(Task requirements)
Below are some records; output exactly the lines from the line with "Vali Hacıbektaşoğlu’ndan Şehit" to the line with "Injuries have made", both ends kept, and nothing more.

(Listed records)

-------

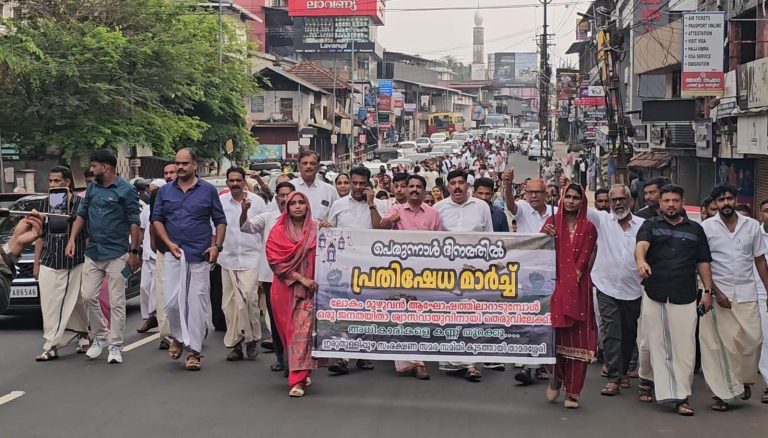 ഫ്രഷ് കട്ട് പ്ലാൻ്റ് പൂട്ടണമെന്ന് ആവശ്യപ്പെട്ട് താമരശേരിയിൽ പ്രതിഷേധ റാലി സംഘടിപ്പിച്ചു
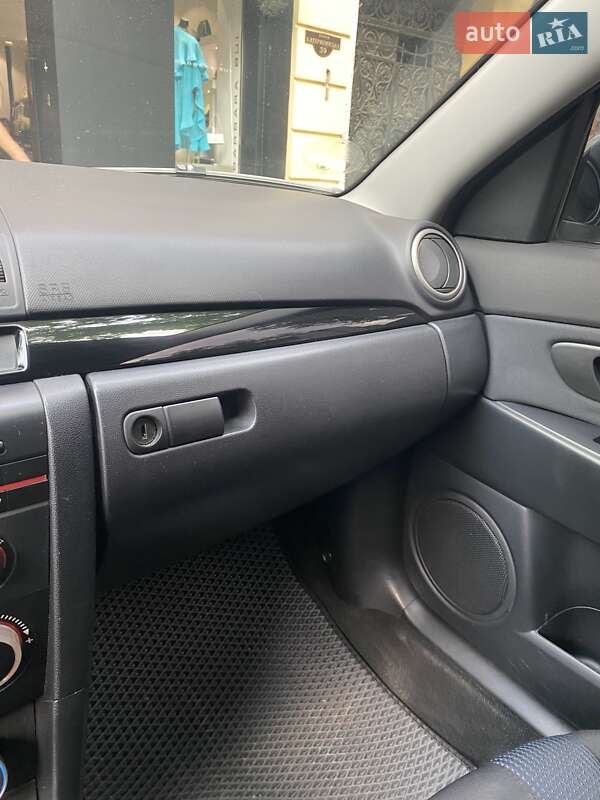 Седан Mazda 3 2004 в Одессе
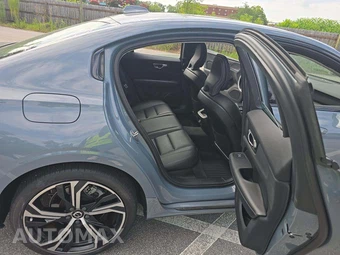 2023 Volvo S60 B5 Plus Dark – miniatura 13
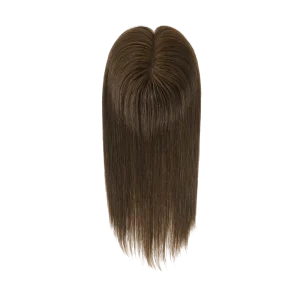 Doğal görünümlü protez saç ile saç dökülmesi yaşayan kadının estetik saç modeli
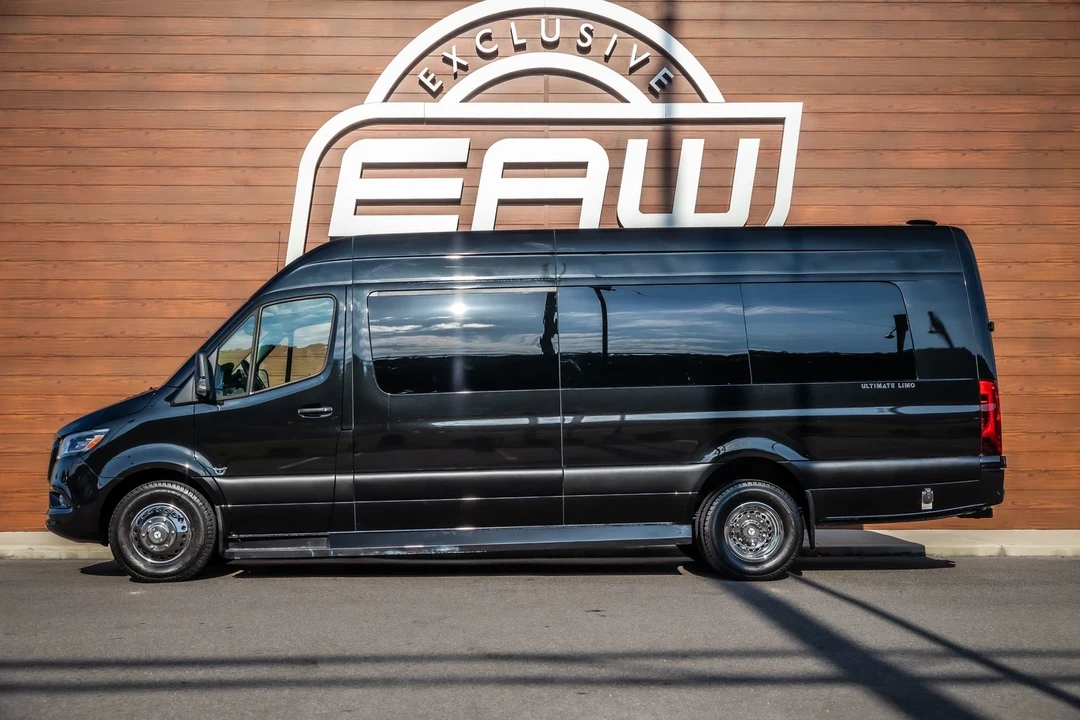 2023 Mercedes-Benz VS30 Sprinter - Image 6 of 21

-------

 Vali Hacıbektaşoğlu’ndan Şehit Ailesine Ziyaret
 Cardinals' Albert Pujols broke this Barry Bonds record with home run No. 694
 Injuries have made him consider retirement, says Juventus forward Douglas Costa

-------

(Answer box)
 Vali Hacıbektaşoğlu’ndan Şehit Ailesine Ziyaret
 Cardinals' Albert Pujols broke this Barry Bonds record with home run No. 694
 Injuries have made him consider retirement, says Juventus forward Douglas Costa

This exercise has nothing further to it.